Refusal sufficient for appeal

Posted in Times Law Report by mrkooenglish on November 16, 2008

From The Times
November 5, 2008
Refusal sufficient for appeal

Privy Council

Published November 5, 2008

McDonald v HM Advocate

Before Lord Hope of Craighead, Lord Bingham of Cornhill, Lord Scott of Foscote, Lord Rodger of Earlsferry and Lord Neuberger of Abbotsbury

Opinion October 16, 2008

The refusal by the High Court of Justiciary in Scotland to receive a devolution minute was the determination of an issue sufficient to give jurisdiction to the Judicial Committee of the Privy Council to hear an appeal.

The Judicial Committee so held, when dismissing an appeal by the defendant, John McDonald, against his convictions for, inter alia, murder and assault. On December 21, 2007, the High Court of Justiciary (Lord Justice-General Hamilton, Lord Nimmo Smith and Lord Philip) refused to allow a devolution minute to be received. On April 14, 2008, the Privy Council granted the defendant special leave to appeal.

Miss M. E. Scott, QC and Ms C. A. Smith for the defendant; Mr Frank Mulholland, QC, Solicitor-General for Scotland, Mr W. James Wolffe, QC and Mr Gordon Balfour for the Crown; Lord Davidson of Glen Clova, QC, Advocate-General for Scotland and Mr Michael Howlin, intervening.

LORD HOPE said that the devolution minute averred, inter alia, that the Lord Advocate had not discharged her obligation to disclose to the defence any information which might tend to exculpate the defendant or undermine the case against him.

The Judicial Committee of the Privy Council had no original jurisdiction to consider devolution issues.

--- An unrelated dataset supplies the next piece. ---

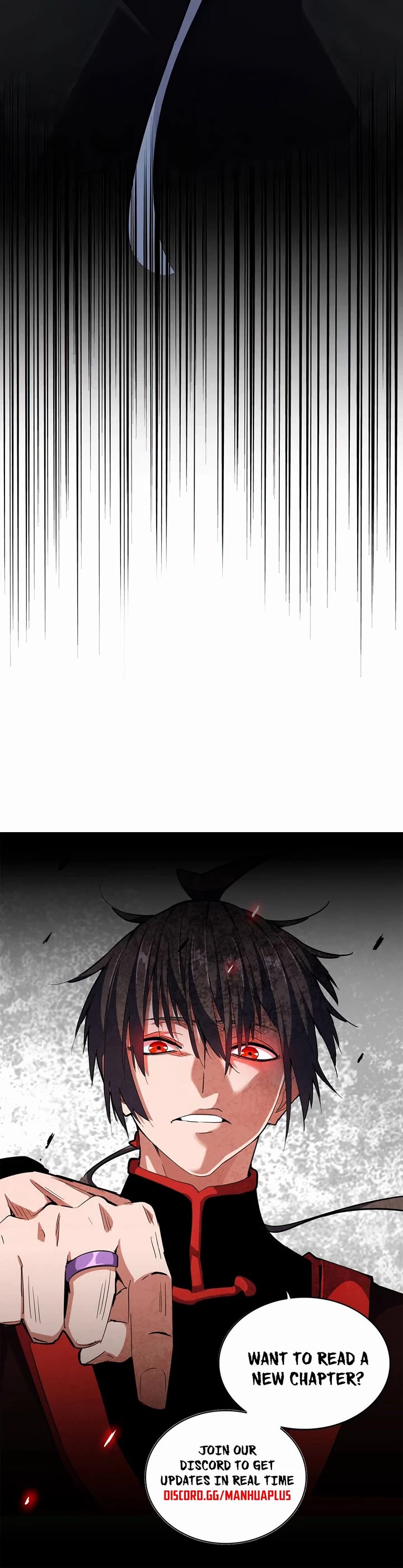 Magic Emperor Chapter 567 page 29 - Chapter 567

In criminal cases its jurisdiction was entirely dependent upon there having been first a determination by two or more judges of the High Court of Justiciary of the issue which the defendant sought to raise before the Judicial Committee.

The question was whether the Committee had been deprived of its jurisdiction to hear the appeal by the judges’ decision. In his Lordship’s opinion, their decision did not have that effect.

The Judicial Committee had its own rules which did not stipulate that the receipt of a devolution minute by the lower court was a prerequisite to the hearing of an appeal against the determination of a devolution issue by the Committee.

A decision by two or more judges of the High Court of Justiciary not to hear and determine a devolution issue that had been brought before it could be treated as a determination of the issue for the purposes of paragraph 13 of Schedule 6 to the Scotland Act 1998. The word “determination” could include a decision which disposed of an issue in the lower court, including a refusal to consider the issue.

It was for the Judicial Committee, not for the lower court, to decide whether special leave to appeal should be given. It was also for the Judicial Committee to decide whether it had jurisdiction to entertain an application for special leave.

It was open to the Committee to take a different view from the court below and, if it was persuaded that the issue that the defendant sought to raise in the High Court of Justiciary was a devolution issue and was the same issue as that which he now wished to raise before the Committee, to determine that issue by way of an appeal against that court’s decision. Lord Rodger delivered a concurring opinion; Lord Bingham and Lord Scott agreed with Lord Hope; Lord Neuburger agreed with Lord Hope and Lord Rodger.

Solicitors: Capital Defence Lawyers, Edinburgh for McArdle Solicitors, Glasgow; Crown Office Edinburgh; Solicitor to the Advocate-General for Scotland, Edinburgh.